By Marissa M. Gray
There are certain moments in our lives which invariably separate us from ourselves. For years, we are left scraping the ashes of ourselves back together. Rape is one of these moments. I experienced this horror firsthand. I am a survivor of child sexual abuse at the hands of my father and of gang rape. As a survivor, or warrior as I say, I found immense solidarity with Emily Doe, the victim of Stanford Rapist, Brock Turner. Though I never met this courageous young woman, her words reflected my own mute misery. We are bonded in the agonizing glue of shared experience.
Thus, when I saw the Stanford Rapist, cloaked in his polo and his privilege, stroll out of prison, I experienced a series of emotional shockwaves. I clung to the belief that, had I only mustered the courage to bring my perpetrators to the police, I would have been vindicated. My perpetrators would be imprisoned, and I would, finally, be free from the terror of sharing one more atom of oxygen with the men who had taken so much from me.

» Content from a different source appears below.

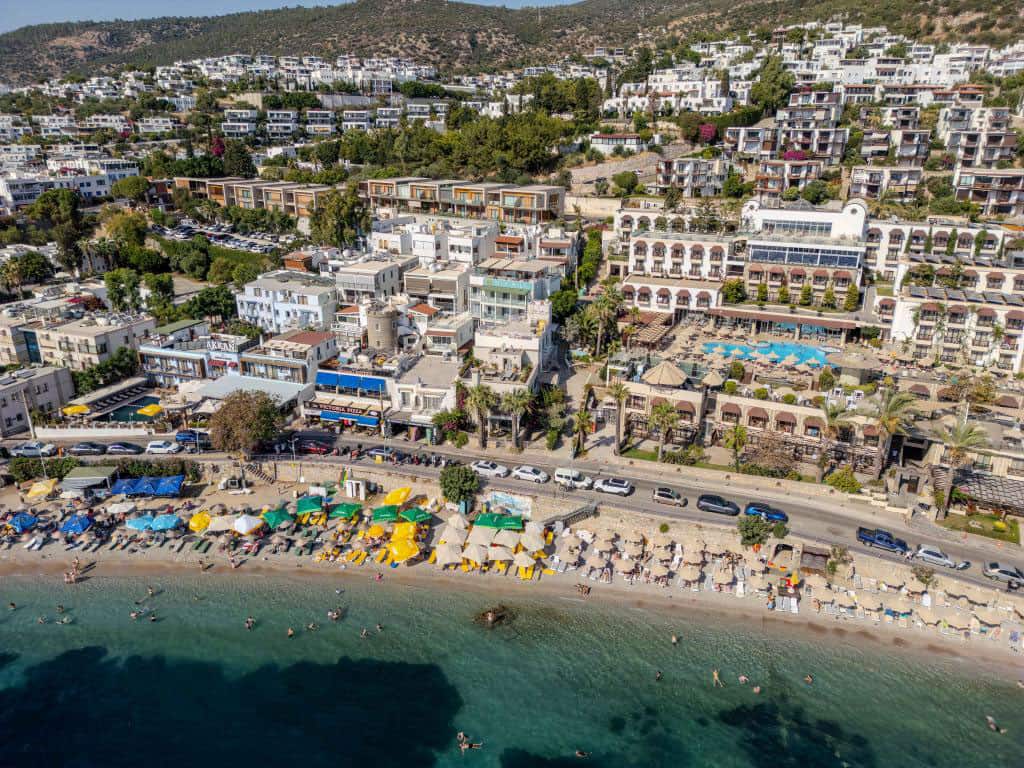 Mia Hill Suites Hotel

However, after the Stanford Rapist’s untimely release, I was struck by a realization; my perpetrators’ freedom is not my fault. Certainly, I should have reported my assaults. However, reporting rape does not ensure justice will be served. I would have faced some rigorous examination, nearly as invasive as anything they did to me; and for what? Three months in prison? That is less than a single semester. This case brutally proved that we, as warriors, live at the mercy of a system which devalues our stories, and dismissively minimizes our pain.
All warriors, then face the double-edged sword of victimization, from our perpetrators and the system which places their well-being above our misery. Our rapists made us believe we had no control over our bodies, and the system reinforces our helplessness. Contrary to the Stanford Rapist’s smug callousness, rape is not “twenty minutes of action.” It is a ruthless crime that harms the body and tortures the minds of its victims. We never forget our abuse; those scars are woven into the fiber of ourselves. To deny our hurt is to deny the breath in our bodies. From our mental prisons, there is no three-month-good-behavior-deliverance. Our bodies have been hijacked, and we cannot “rape-splain” away our insecurities.
In the midst of my heartache following this case, I recall the temerity of the Stanford victim, and I find the hope necessary to continue the struggle against rape culture in its many incarnations. I hope that every survivor who has spent a night in trembling-terror, wishing they could slough off their stolen-body, know this: we survived. This was NEVER our fault. Though we’ve endured tragedy, that tragedy need not be our identity. We are infinitely more than the nothing the Stanford Rapists of the world, and the culture which tacitly endorses them, made us believe we are. Emily Doe, we are with you. You are never alone. Together, we fight on.